A panel database differs from a random sample in that successive surveys are posed repeatedly to the same group of people. This allows comparisons between what the same people say in response to the different surveys. This is its great advantage. However it has three disadvantages. First this particular survey can only be administered to people who are connected to the internet, and thus is only representative of the 80% of Britons who are net-connected. Second, that panel members chose whether or not they take part. In the main most of those who take part tend to be older and male, and thus answers have to be weighted by gender and age. Third, in this panel, no socio-economic data are available for panellists. It is thus impossible to weight answers by socio-economic status. Since celebrity consumption did not appear to be affected by socio-economic status according to Couldry and Markham’s work this is not such an issue in this instance. The questions asked in those surveys, and the composition of the respondents are available on the research website of this project. 6 Survey data were analysed using SPSS and more details of those analyses, especially cluster analyses, are also available at that site.
We have complemented those quantitative surveys with qualitative work on nine focus groups, four in London and five in Manchester, of different ages, socio-economic status, ethnic identity, gender composition and attitudes to development. In using the focus group data below we have drawn out opinions and ideas that were typical across all the groups, or else stood out as being unusual compared with all the other participants. We have not tried to associate views with particular gender, age, socio-economic or racial groups. The sample sizes do not allow that.

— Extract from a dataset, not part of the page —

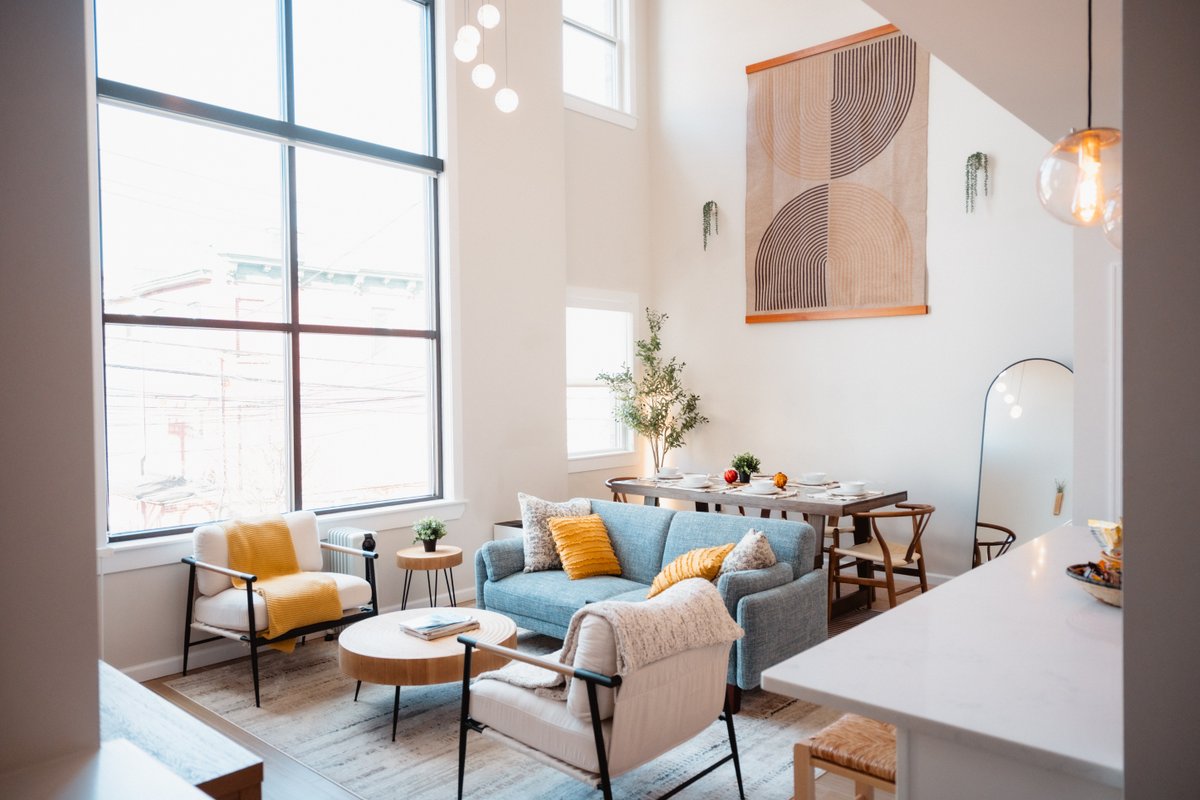 3BR Luxe Rooftop Home | 6 Beds | NYC & EWR Nearby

Further details of the focus groups are also available on the research website mentioned earlier.
Finally, in parallel, with this activity Brockington also conducted a large number of interviews (over 120) with employees of NGOs who worked with the media and celebrity, with journalists and in the celebrity industries. We have not presented much of that information here, but they have helped to contextualize findings presented.
There is an important caveat to these findings. Celebrity cultures, and politics, vary from country to country and it is a mistake to try to extrapolate internationally from findings in one country. 7 Our research was conducted in Britain and its conclusions refer primarily to that country. Extrapolating to other countries and other celebrity cultures will require care.
Findings
The belief in celebrity advocacy
The 2012 survey data suggest that engagement in celebrity news is mostly shallow and brief. Our survey found that only 22% of people spend more than five minutes reading about celebrity every week, and only 17% spend more than five minutes a week talking about it; 32% claimed not to read celebrity news at all. Of those who were engaging with it only 17% of people were trying to find out about celebrity. More than 70% encountered it only incidentally, while reading about other news.
There is little surprising about those findings. One of the main conclusions of Hermes’ (1995) study of the readers of women’s gossip magazines was that they were read intermittently and fleetingly – indeed they were written with those consumption patterns in mind – to be ‘put-downable’. If the more devoted followers of celebrity-oriented products treat the writing in this way then we should expect similar behaviour among the less devoted.
When asked specifically about responses to celebrity advocacy, replies were consistent with those to questions about celebrity news. Most people (75%) claim not to have responded in any way. 8 But note that almost everyone was able to talk about celebrity advocacy in the focus groups. Clearly light encounters do not mean that we ignore it. But this was possible in part because focus groups referred to the same set of events: Comic Relief and Sports Relief, Children in Need and particularly famous advocates (musicians such as Geldof, Bono, and actors like Jolie, Lumley and Clooney).
Another way of saying this is that, despite all the variety of celebrity advocacy out there, people were not aware of very much of it. If, as we saw from Thrall et al. (2008, above), 90% of the most prominent celebrities and 60% of celebrities more generally are involved in celebrity advocacy, then surprisingly few of those celebrities are prominent in the discussions. Indeed, our survey found that while awareness of major NGO brands was high, awareness of celebrity advocates for those brands was low (Table 2). This was true even for NGOs with strong celebrity ambassador programmes (Red Cross, Oxfam and UNICEF).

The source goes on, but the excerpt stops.